Chers frères et sœurs !
Dans la bulle d’indiction du Jubilé extraordinaire de la Miséricorde, j’ai rappelé qu’«
il y a des moments où nous sommes appelés de façon encore plus pressante, à
fixer notre regard sur la miséricorde, afin de devenir nous aussi signe efficace de
l’agir du Père » (Misericordiae Vultus, n. 3). L’amour de Dieu, en effet, entend
atteindre tous et chacun, en transformant ceux qui accueillent l’étreinte du Père en
autant de bras qui s’ouvrent et qui étreignent afin que quiconque sache qu’il est
aimé comme fils et se sente « chez lui » dans l’unique famille humaine. De la sorte,
l’attention paternelle de Dieu est bienveillante envers tous, comme celle du pasteur
avec ses brebis, mais elle est particulièrement sensible aux besoins de la brebis
blessée, fatiguée ou malade. Jésus-Christ nous a parlé ainsi du Père, pour nous dire
qu’il se penche sur l’homme blessé par la misère physique ou morale et, plus ses
conditions s’aggravent, plus se révèle l’efficacité de la miséricorde divine.

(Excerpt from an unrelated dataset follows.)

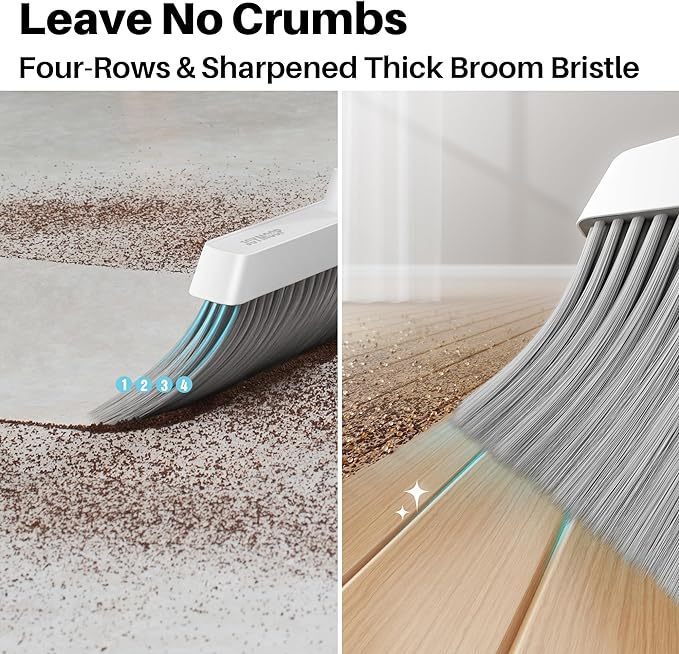 Broom and Dustpan Set, Upright Standing Brooms for Sweeping Indoor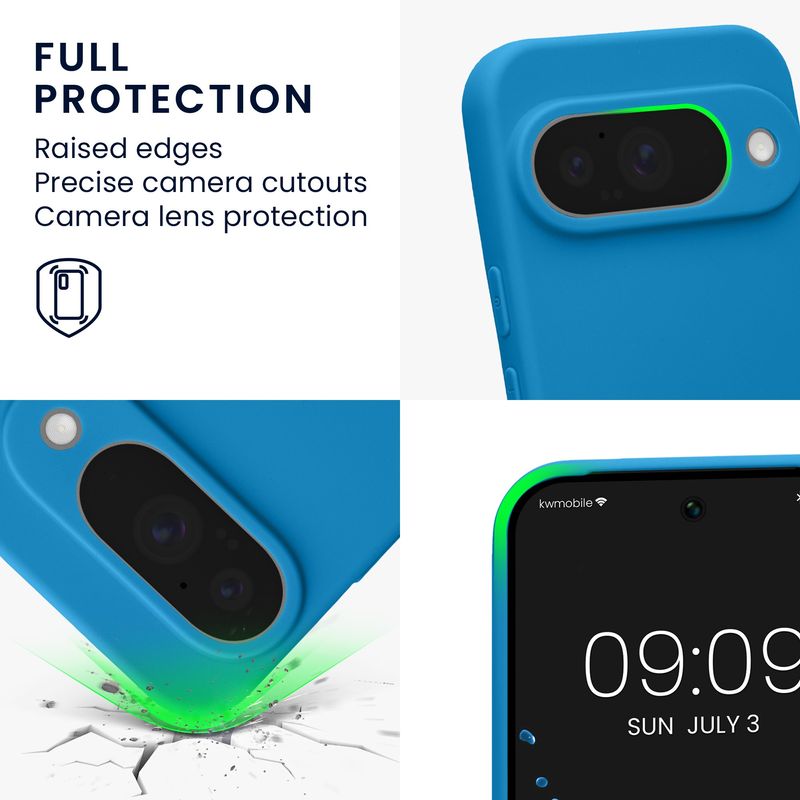 Laptop, Telefoane si Tablete - Telefoane mobile si accesorii - Accesorii Telefoane - Huse telefoane - Husa Kwmobile pentru Google Pixel 10, anti-alunecare, silicon, albastru recif - Infinity.ro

À notre époque, les flux migratoires sont en constante augmentation en tout lieu de
la planète : les réfugiés et les personnes qui fuient leur patrie interpellent les
individus et les collectivités, défiant leur mode de vie traditionnel et bouleversant
parfois l’horizon culturel et social auquel ils sont confrontés. Toujours plus souvent,
les victimes de la violence et de la pauvreté, abandonnant leurs terres d’origine,
subissent l’outrage des trafiquants de personnes humaines au cours du voyage vers
leur rêve d’un avenir meilleur. Si elles survivent aux abus et aux adversités, elles
doivent ensuite se heurter à des réalités où se nichent suspicions et peurs. Très
souvent, enfin, elles doivent faire face à l’absence de normes claires et pratiques
pour réglementer leur accueil et pour prévoir des itinéraires d’intégration à court et
à long terme, avec une attention aux droits et aux devoirs de tous. Plus que par le
passé, l’Évangile de la miséricorde secoue aujourd’hui les consciences, empêche
que l’on s’habitue à la souffrance de l’autre et indique des chemins de réponse qui
s’enracinent dans les vertus théologales de la foi, de l’espérance et de la charité, en
se déclinant en œuvres de miséricorde spirituelle et corporelle.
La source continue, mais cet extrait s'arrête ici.